Aid workers attacked in Darfur

 CAFOD's partners working in Darfur, ACT/Caritas have faced attacks when delivering aid in the south of Darfur. CAFOD's international director Lesley-Anne Knight has returned from a recent visit, and saw for herself the vulnerability of families and communities. She said: "There is a need for more and better resourced African Union (AU) troops, this would vastly improve the current security situation, which at the moment leaves aid workers and the vast numbers of homeless people open to attacks. AU troops number around 7,500, in a country the size of Western Europe. Active protection is urgently needed so that people can collect water, firewood and work the land without being attacked." Members of ACT/Caritas were returning from AL Obeid to Nyala, when six armed men on horseback and camels stopped their vehicle.
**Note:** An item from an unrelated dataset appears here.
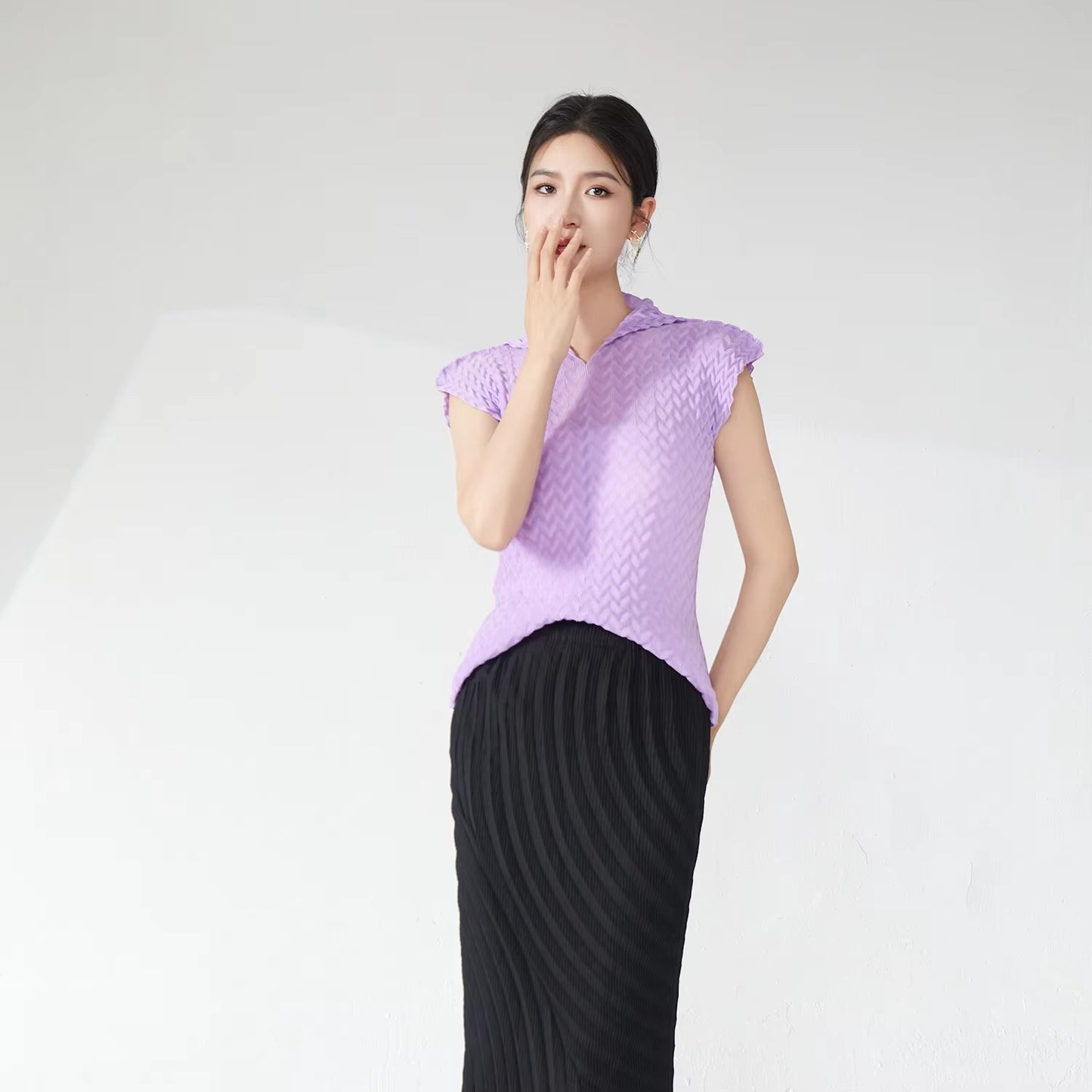 2025 Summer Miyake Pleated Short-Sleeve Top – Lapel, Solid Color, Elegant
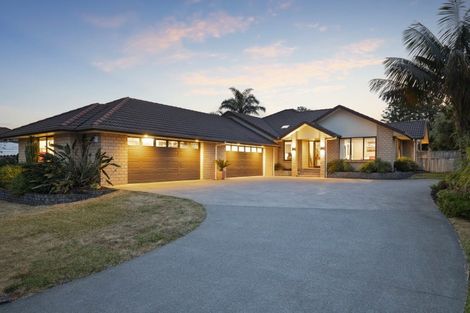 Photo of property in 55 Lough Bourne Drive, Pukekohe, 2120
Aid workers were threatened and forced out of the car and told to lie down on the ground. Staff involved in the incident, report that everyone is safe though shaken. ACT/ Caritas use commercial trucks and white painted M6 lorries when transporting life saving food and materials to those most in need, these trucks and lorries are clearly marked as containing aid. Acting Director for ACT/Caritas, Mayen Wol Jong, said: "At the moment banditry is the greatest worry we have when travelling. Though we have knowledge of the area, one can never fully know when and where bandits will hit the next time." The ACT/Caritas programme has been in operation for nearly a year, and during that time the number of people made homeless in the country has more than doubled from 2 to 4 million. Lesley-Anne Knight said: "Darfur will become another forgotten emergency, silently escalating, if the root causes of the conflict are not addressed. There is an urgent need to reach out to all parties, Arab nomads, internally displaced people and other affected communities. Peacebuilding, at the grass roots level is now crucial".